We could avoid many uses of unsafeCoerce
in the following but we think it is more efficient to avoid calling functions like all-ud
as in the commented-out code: they perform no operations on the actual lists of untyped channels.
The usages of unsafeCoerce
which are more difficult to justify are those inside every call to readUChan
and writeUChan
.
run (send i j) cs = let chanToSend = lookupUChan i cs in let chanToWriteOn = lookupUChan (wk/ i j) cs in writeUChan chanToWriteOn chanToSend >> return (tt , unsafeCoerce (all-rm i cs)) -- return (tt , all-ud j (all-rm i cs) chanToWriteOn)
receive i
receives a channel from channel i
and allows/forces the continuation to also take care of it.
run (receive i) cs = let chanToReadFrom = lookupUChan i cs in readUChan chanToReadFrom >>= λ receivedChan → return (tt , (unsafeCoerce cs ,̇ receivedChan))
accept i a p
forks a process that waits for channels: whenever one is received it spawns a new copy of the server p
along it.
run (accept i a p) cs = forkIO server >> return (tt , all-rm i cs) where c = lookupUChan i cs service : UChan → IO _ service n = run p (all-ud i cs n) >> return ⟨⟩ server : IO C.<> server = readUChan c >>= λ n → forkIO (service n) >> server
connect i p
creates a channel and sends it along channel i
, which is (or should be) shared by construction with a server, then it becomes process p
.
run (connect i p) cs = newChan >>= λ n → writeUChan (lookupUChan i cs) n >> run p (all-ud i cs n)
wont i
avoids starting the client/server interaction with the server which waits for channels on i
.
run (wont i) cs = return (tt , all-rm i cs)
twice i
duplicates the server which waits for channels on i
.
run (twice i) cs = return (tt , (cs ,̇ lookupUChan i cs))
write i x
writes x
on channel i
.
run (write i x) cs = let c = lookupUChan i cs in writeUChan c x >> return (tt , unsafeCoerce cs)
read i
reads from i
and returns what it read.
run (read i) cs = let c = lookupUChan i cs in readUChan c >>= λ x → return (x , unsafeCoerce cs)
end i
terminates the (sub)session
run (end/ i r) cs = return (r , all-rm i cs)
at/ i o
simply returns o
.
run (at/ i o) cs = return (o , unsafeCoerce cs)
corec
enters a loop whose body is contained in gp
: the coiteration will possibly be exited whenever the value the process returns is inl x
for some x
.
run (corec i o gp) cs = aux o where aux = λ o → run (snd (gp o)) (unsafeCoerce cs) >>= uc ⊎.[ cu return , (λ o _ → aux o) ]
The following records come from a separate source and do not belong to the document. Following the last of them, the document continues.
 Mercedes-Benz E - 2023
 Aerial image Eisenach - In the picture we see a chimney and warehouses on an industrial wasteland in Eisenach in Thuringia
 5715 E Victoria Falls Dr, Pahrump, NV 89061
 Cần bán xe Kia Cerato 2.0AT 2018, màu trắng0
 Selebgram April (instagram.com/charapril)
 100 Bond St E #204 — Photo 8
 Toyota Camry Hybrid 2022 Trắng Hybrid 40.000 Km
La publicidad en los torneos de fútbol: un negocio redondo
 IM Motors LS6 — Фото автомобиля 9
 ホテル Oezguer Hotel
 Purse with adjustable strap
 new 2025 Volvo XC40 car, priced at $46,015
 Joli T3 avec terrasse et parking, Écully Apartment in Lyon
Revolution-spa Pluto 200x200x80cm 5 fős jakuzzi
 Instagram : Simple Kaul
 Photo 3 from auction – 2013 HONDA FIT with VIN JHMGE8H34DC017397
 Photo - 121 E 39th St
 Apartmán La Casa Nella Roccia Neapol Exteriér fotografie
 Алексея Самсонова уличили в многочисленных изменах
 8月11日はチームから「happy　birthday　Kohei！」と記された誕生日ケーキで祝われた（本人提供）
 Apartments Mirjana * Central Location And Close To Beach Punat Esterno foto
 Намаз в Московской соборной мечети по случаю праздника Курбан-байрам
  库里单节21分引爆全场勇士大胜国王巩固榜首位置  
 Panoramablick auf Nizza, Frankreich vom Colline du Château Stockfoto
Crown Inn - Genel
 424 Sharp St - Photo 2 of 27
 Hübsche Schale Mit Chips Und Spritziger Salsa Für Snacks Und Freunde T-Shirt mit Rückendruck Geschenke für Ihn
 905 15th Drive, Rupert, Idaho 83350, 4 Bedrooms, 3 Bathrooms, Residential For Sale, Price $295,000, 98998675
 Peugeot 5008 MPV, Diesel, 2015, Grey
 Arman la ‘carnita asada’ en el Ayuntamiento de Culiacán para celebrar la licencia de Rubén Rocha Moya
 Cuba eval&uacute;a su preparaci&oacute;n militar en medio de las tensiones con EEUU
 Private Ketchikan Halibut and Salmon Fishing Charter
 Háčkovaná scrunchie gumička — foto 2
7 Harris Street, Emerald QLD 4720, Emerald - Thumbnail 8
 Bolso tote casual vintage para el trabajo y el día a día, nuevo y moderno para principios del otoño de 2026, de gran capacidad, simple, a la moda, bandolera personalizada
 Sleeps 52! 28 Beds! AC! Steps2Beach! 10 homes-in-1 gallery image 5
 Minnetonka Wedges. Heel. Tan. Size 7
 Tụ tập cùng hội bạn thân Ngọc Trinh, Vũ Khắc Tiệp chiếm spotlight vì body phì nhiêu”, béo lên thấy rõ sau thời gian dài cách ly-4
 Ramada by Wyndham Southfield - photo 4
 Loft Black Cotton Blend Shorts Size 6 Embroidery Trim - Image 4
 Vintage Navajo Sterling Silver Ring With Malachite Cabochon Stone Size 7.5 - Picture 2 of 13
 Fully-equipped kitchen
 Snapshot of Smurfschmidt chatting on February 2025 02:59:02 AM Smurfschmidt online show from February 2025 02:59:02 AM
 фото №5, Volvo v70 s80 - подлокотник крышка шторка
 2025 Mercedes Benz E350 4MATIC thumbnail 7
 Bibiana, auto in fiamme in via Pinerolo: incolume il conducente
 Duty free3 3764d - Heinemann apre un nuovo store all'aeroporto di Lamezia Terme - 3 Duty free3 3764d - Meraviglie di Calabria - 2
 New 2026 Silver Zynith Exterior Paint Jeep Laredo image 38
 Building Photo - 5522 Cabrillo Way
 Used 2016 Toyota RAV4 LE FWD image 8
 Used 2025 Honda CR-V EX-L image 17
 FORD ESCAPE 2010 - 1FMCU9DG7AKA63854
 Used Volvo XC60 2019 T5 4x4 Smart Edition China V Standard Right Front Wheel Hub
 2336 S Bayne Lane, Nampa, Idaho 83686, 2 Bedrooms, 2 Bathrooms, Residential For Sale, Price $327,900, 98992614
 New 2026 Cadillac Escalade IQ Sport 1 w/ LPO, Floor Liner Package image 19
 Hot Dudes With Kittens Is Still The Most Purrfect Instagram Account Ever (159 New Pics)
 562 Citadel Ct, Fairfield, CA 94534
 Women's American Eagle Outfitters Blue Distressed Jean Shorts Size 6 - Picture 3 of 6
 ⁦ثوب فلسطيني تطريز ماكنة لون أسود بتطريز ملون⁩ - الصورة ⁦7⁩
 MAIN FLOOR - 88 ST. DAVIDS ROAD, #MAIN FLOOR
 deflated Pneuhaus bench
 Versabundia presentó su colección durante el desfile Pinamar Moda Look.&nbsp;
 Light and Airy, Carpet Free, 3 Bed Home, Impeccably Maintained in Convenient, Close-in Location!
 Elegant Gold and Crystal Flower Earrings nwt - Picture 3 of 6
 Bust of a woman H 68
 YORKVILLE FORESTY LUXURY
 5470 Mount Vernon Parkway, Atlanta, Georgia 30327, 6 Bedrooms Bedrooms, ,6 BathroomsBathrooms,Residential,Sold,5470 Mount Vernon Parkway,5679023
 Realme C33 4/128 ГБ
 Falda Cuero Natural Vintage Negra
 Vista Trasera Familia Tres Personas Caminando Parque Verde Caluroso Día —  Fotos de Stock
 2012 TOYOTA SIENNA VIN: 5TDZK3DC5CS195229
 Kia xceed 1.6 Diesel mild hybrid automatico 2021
Closed processes describe IO computations.
run[] : ∀ {X} → IOProc X → IO X run[] P = mapIO fst (run P [])
Note that as the evaluator allows for processes that embed any IO
action one could easily add unwanted behaviours: the user is still free to capture a fragment of IO
to be considered safe and simply compose this evaluator after a translation phase to IO
.
For simplicity, the currently provided examples just use IO
for basic operations like suspending processes for finite amounts of time or accessing the standard output.